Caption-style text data
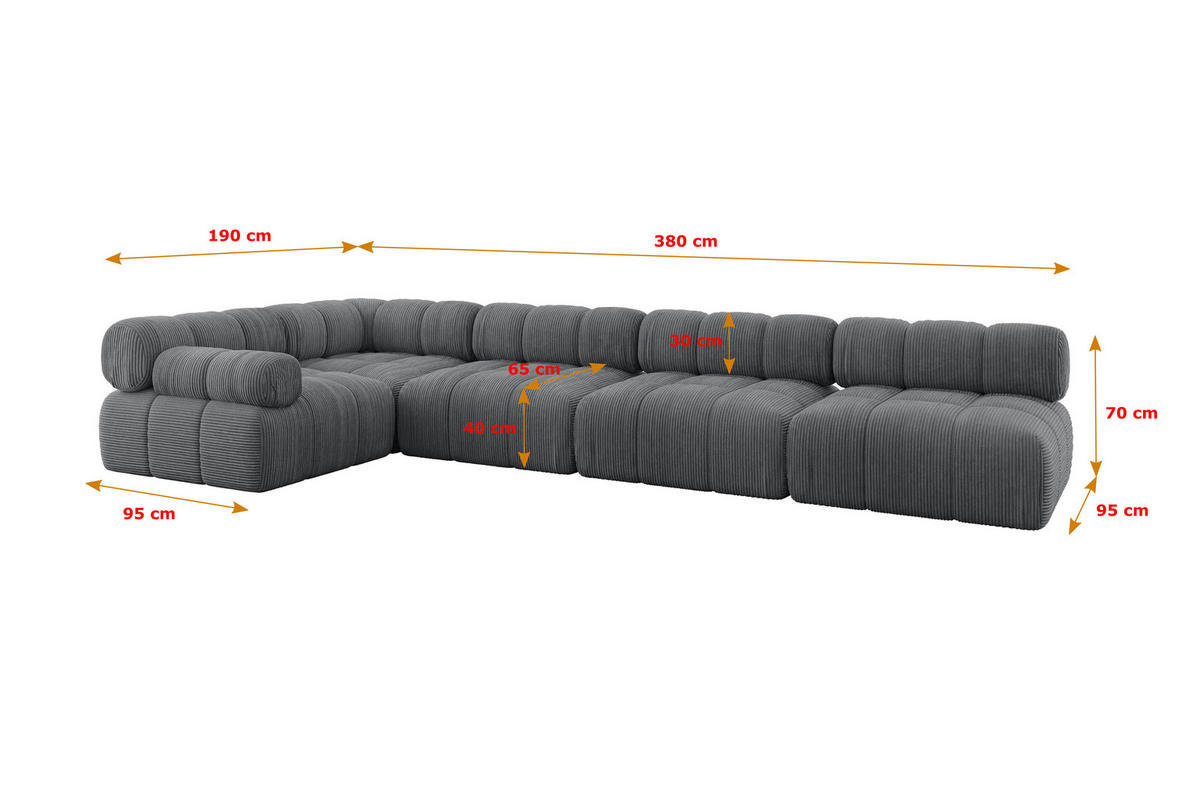 ECKSOFA modulares Sofa Mende-L3 - 380x190x70 cm Dunkelgrau Cord - Dunkelgrau, Holzwerkstoff/Textil (380/190cm) - ALTDECOR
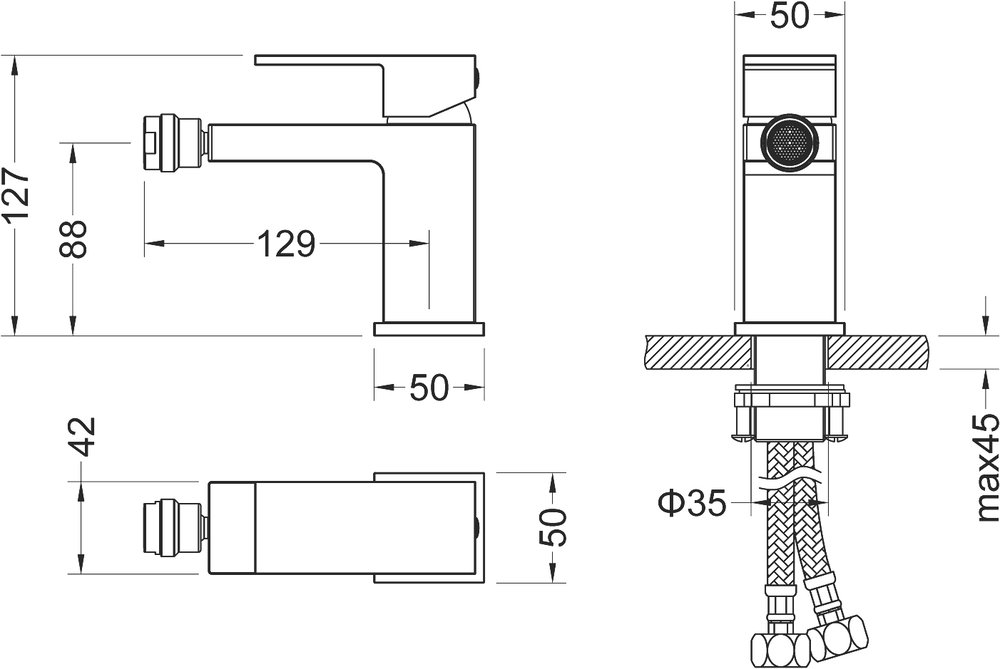 Смеситель для биде Timo Selene 2062/17F золото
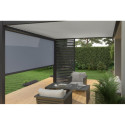 Pergola bioclimatique adossée en alu gris anthracite - lames blanches - 3x4m Ombrea VS
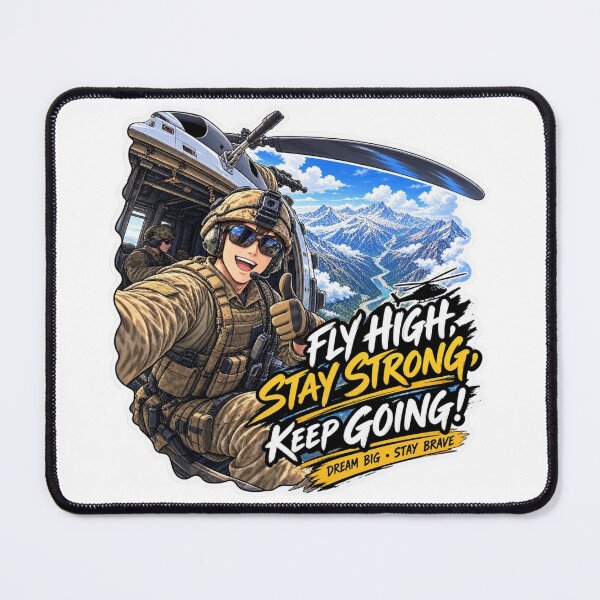 Item preview, Fly High Stay Strong Keep Going - Anime Military Pilot Helicopter Selfie designed and sold by carestazafeli.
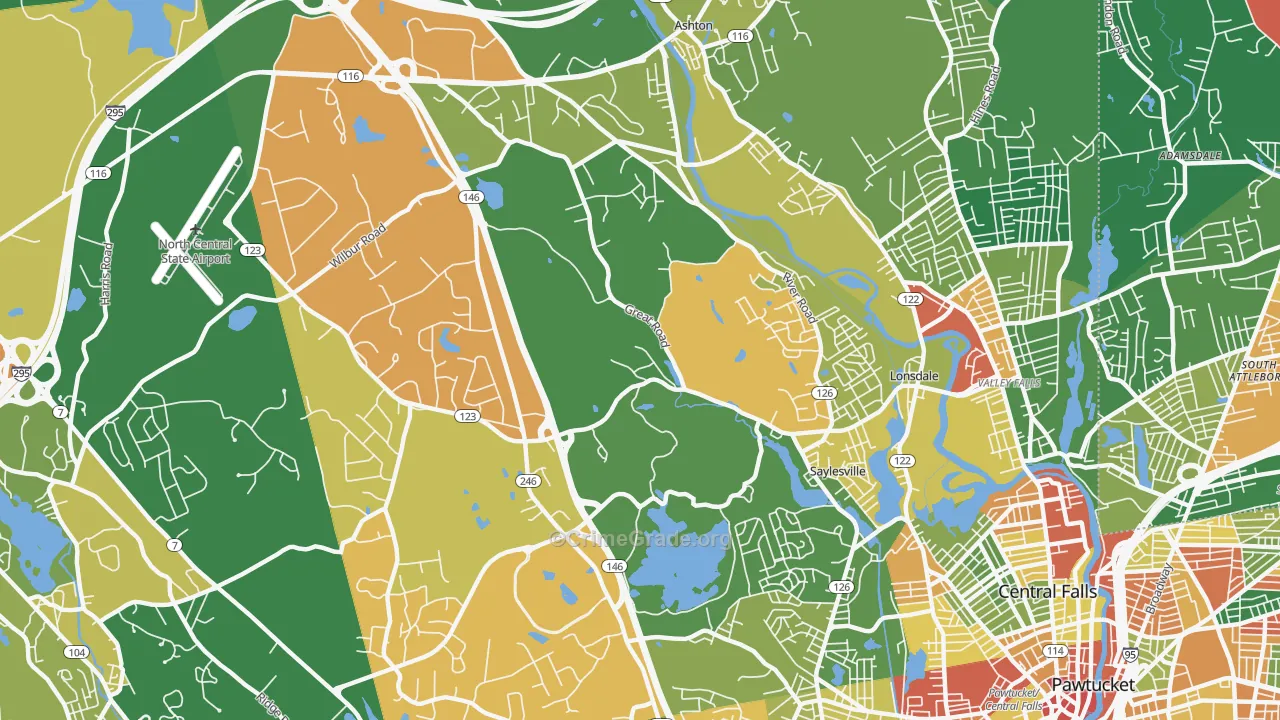 Lincoln, RI Map of Vandalism Rates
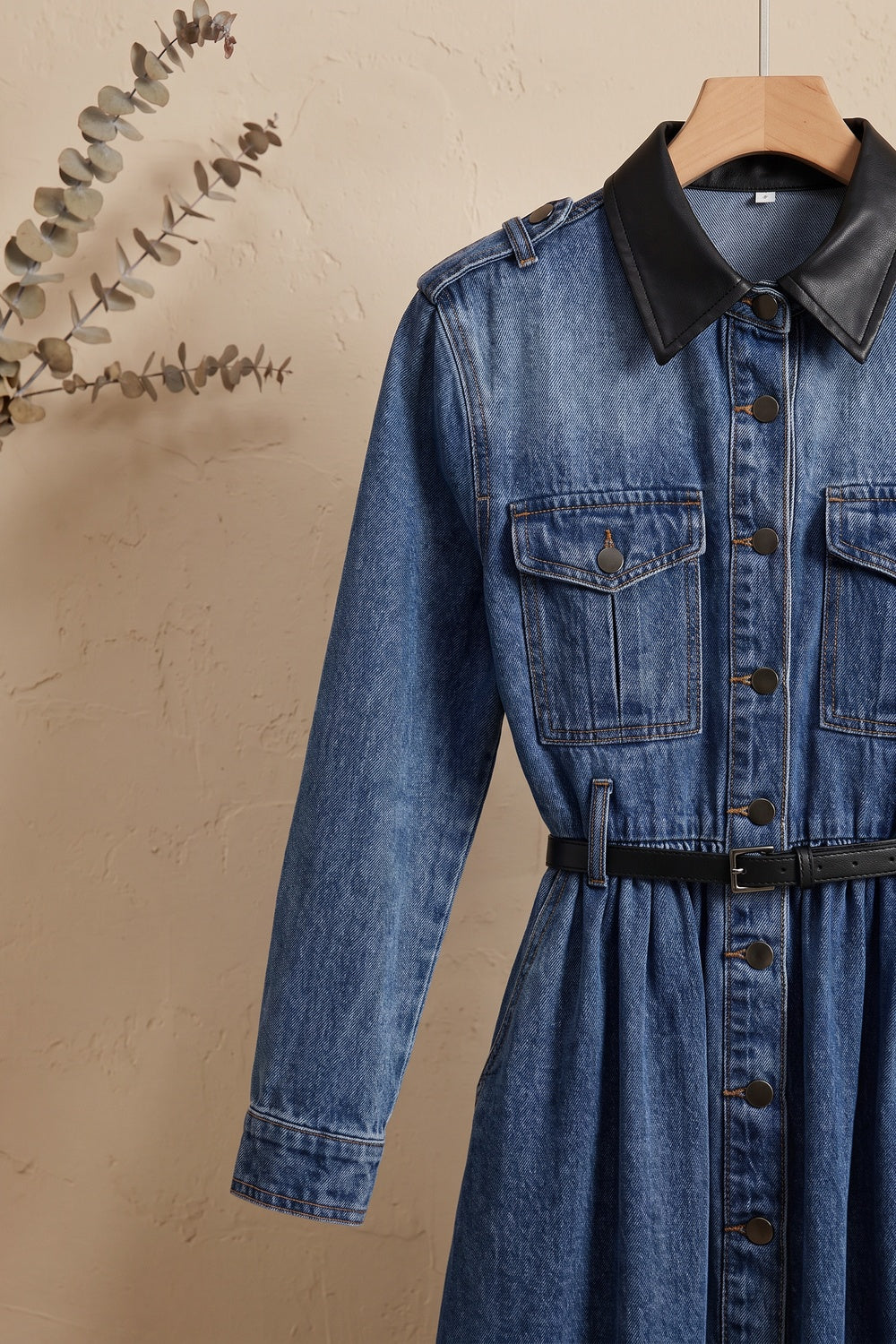 Medium Blue Denim A-Line Shirt Dress with Contrast Collar medium blue denim shirt dress - product view 6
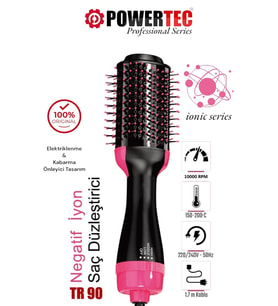 Powertec TR-90 İyonik Saç Şekillendirici Fön Fırçası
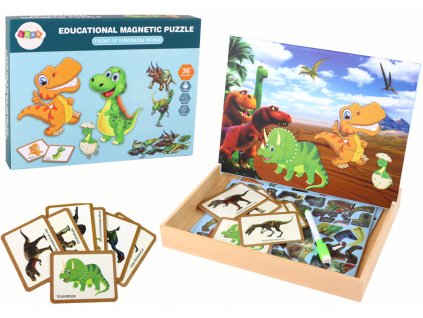 A set of educational magnetic puzzles with dinosaurs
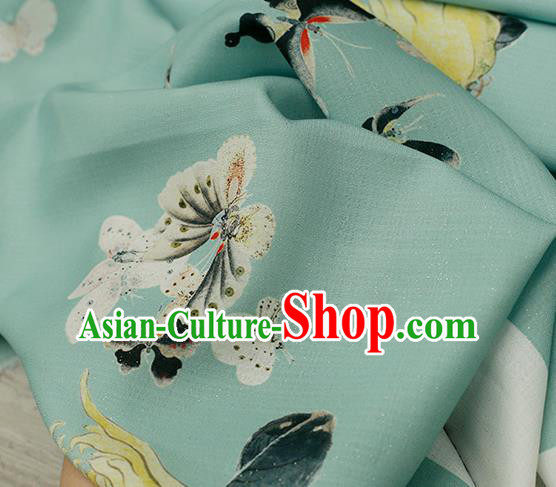 Asian Chinese Classical Printing Butterfly Pattern Design Green Silk Fabric Traditional Hanfu Brocade Material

# [WORK TASK]
Leave every picture out and write out, word for word, the lines from the one that contains "A set of educational" through the last line of the records.

# [SOLUTION FOR THIS PROBLEM]
 A set of educational magnetic puzzles with dinosaurs
 Asian Chinese Classical Printing Butterfly Pattern Design Green Silk Fabric Traditional Hanfu Brocade Material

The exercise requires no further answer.